Mayor autonomía de poderes, menos corrupción
Escrito por Vladimir Villegas   
Martes, 15 de Diciembre de 2009 06:33

altDiez años han transcurrido desde la aprobación de la Constitución de la República Bolivariana de Venezuela, y si me preguntan diría que cada día que pasa me siento más comprometido e identificado con el proyecto de país plasmado en ese texto, del cual soy corredactor por haber formado parte de la Asamblea Nacional Constituyente. 

La Constitución de 1999, aprobada por el pueblo en referéndum el 15 de enero de ese año, fue producto de un extenso e intenso debate sin precedentes en la vida republicana.

Recoge las aspiraciones de los más diversos sectores de la vida nacional y expresa un nuevo modelo de país marcado por el empeño en ampliar la democracia, en hacerla realmente participativa y en dotarla de un verdadero contenido social. 



Tan identificado me siento con esa carta magna de 1999 que no apoyo ni apoyaría, al menos durante un buen tiempo, cualquier propuesta para modificarla. ¿Qué tal si nos dedicamos primero a cumplirla, a hacerla realidad, y que el tiempo futuro nos indique el momento de reformarla o sustituirla?

La solución de los problemas del país, y así lo concibió el constituyente de 1999, está en ampliar aún más la democracia, no en cercenarla ni en colocarle condicionantes reaccionarios, por más que esto se haga en nombre de la revolución. Esta carta magna de 1999 no sólo reivindica la división y la autonomía de los poderes, dentro de un esquema de colaboración entre todos ellos, sino que se plantea crear nuevas instancias como el Poder Ciudadano y el Electoral. 



Cualquier insinuación, aseveración o propuesta concreta destinada a poner en duda la necesidad de que los poderes, aún colaborando entre sí, sigan siendo autónomos y verdaderamente independientes, debe merecer la más clara y determinante condena ciudadana. 

El cambio revolucionario no puede interpretarse como la vuelta a un esquema de poder en el cual se le dé rango constitucional, por vía de hecho y no de derecho, a la sumisión de unos poderes frente a otro, y a la consagración del culto a la personalidad, propio de sistemas políticos atrasados, los cuales pueden llegar a cautivar durante un buen tiempo a las grandes mayorías, pero que terminan erosionados por sus propias limitaciones, contradicciones e incluso barbaridades. 

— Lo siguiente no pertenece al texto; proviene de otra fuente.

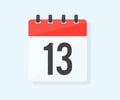 The day thirteen of the month with date 13, thirteenth day logo design. Calendar icon flat day 13. Reminder symbol.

Por eso estimo que es no sólo un error sino una fatal desviación que, desde alguno de los poderes, se pretenda crear las condiciones para poner en tela de juicio un esquema de gobernabilidad en el cual se respete el rol de cada pata del Estado para el cumplimiento de los fines de la República. Y esa desviación, por más vueltas que se le dé, colide, sin duda alguna con los principios generales de la carta magna de 1999, y con la cual me siento comprometido e identificado.



El Estado es uno solo, pero los poderes públicos tienen que seguir siendo autónomos, y asumir cada cual, plenamente, las competencias que por norma constitucional tienen asignadas. Por lo tanto, atacar directa o solapadamente el concepto de división de poderes públicos, que fue concebido como antídoto frente al despotismo, y como elemento favorecedor de una distribución más democrática del poder, es, sin duda, favorecer un esquema de gobierno en el cual no tenga cabida el control de la gestión pública. 



Y hoy, vistos los escándalos financieros que sacuden al país en estos momentos, si algo hay que promover es que los titulares de los poderes públicos asuman su rol sin titubeos, y atiendan la demanda ciudadana para que la justicia llegue hasta donde tenga que llegar, sin temer el tamaño y la fortaleza del callo que pise. Es precisamente una mayor autonomía de los poderes, y una clara división del trabajo a ejecutar por cada uno de ellos, la mejor garantía para derrotar la corrupción y hacer florecer la justicia.